Maxwell Place

Given to the University of Kentucky by the class of 2000, Historical Marker #2069 commemorates Maxwell Place. It was built in 1870-72 for Judge James H. Mulligan as a wedding gift from his father, Dennis Mulligan, who was an active and influential city councilman. It was named for nearby Maxwell Springs, one of three natural springs that crossed the property before feeding the Town Branch of the Elkhorn Creek. Some memory of the old water features still exists in the low-lying areas just south of the University's Student Center.

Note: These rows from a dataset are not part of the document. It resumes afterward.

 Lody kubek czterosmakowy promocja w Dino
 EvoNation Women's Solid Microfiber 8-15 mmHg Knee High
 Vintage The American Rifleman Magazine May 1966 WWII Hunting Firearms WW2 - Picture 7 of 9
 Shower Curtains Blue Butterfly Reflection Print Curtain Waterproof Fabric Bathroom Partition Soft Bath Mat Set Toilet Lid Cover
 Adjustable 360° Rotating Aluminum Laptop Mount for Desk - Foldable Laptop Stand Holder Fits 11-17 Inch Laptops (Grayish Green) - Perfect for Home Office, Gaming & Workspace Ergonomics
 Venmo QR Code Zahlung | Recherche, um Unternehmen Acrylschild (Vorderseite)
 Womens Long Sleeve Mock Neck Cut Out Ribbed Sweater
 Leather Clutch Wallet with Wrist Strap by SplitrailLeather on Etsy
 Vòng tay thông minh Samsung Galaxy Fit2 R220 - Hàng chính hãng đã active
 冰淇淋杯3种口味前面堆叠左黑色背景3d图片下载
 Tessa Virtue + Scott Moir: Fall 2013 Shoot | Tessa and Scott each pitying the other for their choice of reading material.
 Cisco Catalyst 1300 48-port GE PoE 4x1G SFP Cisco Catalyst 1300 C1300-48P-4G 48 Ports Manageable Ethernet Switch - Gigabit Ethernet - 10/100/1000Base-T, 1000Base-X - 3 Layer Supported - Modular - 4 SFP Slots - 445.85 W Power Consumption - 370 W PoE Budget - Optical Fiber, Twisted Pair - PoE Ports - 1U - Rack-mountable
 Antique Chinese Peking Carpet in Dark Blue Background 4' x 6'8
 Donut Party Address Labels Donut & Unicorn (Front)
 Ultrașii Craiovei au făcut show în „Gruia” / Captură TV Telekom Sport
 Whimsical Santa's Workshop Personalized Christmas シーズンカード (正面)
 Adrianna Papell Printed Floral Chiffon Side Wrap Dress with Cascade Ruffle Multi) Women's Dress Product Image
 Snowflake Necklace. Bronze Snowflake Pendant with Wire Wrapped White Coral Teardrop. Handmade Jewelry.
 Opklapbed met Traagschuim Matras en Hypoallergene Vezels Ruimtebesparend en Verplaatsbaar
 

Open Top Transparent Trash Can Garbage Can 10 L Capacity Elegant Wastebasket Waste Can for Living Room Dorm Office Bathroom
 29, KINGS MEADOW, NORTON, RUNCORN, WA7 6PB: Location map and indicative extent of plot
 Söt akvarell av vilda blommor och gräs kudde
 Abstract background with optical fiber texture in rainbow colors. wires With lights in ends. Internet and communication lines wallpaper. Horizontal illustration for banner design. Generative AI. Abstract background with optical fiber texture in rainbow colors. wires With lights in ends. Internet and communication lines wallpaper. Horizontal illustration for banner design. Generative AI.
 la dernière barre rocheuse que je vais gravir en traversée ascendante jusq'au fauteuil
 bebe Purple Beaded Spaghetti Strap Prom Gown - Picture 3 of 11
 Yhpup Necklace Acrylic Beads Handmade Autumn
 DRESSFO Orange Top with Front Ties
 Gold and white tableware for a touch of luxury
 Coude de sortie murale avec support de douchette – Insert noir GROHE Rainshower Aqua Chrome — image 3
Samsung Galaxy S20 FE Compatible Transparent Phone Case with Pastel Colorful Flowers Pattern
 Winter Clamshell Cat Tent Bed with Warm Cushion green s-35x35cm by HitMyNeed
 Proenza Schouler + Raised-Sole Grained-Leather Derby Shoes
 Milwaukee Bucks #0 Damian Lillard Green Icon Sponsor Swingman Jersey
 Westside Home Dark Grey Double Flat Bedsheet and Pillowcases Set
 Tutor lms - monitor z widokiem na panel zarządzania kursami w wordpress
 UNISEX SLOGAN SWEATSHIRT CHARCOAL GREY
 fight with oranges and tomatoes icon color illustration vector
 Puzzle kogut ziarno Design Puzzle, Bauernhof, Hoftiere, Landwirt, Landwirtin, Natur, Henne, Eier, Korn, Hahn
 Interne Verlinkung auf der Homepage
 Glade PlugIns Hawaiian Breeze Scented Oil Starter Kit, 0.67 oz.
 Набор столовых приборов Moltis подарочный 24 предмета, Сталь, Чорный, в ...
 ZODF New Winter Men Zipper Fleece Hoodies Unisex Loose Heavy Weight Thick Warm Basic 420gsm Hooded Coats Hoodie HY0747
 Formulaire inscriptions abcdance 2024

As Lexington was trying to get the state university and facing strong competition from a Bowling Green bid, it offered its old Maxwell Springs land and won the bid. The Mulligan family sold the home and thirteen acres to UK in 1917 for $40,000. The two-and-one-half story Italianate villa has been remodeled through the years, but many of the original features remain. First occupied by President Frank L. McVey in 1918, it has served as home to every UK president since. In the late 1960s, the home was slated for demolition as part of the University’s development plan. Fortunately an effort to preserve it succeeded; it was placed on the National Register of Historic Places in 1982.

The UK Senior Challenge Historical Marker Project, administered by the Kentucky Historical Society, began in 1994 as a way for the graduating senior class to leave a memorial to the university. Every year since then, the UK historical marker committee has decided on the topic, raised the money, and written the text for the markers.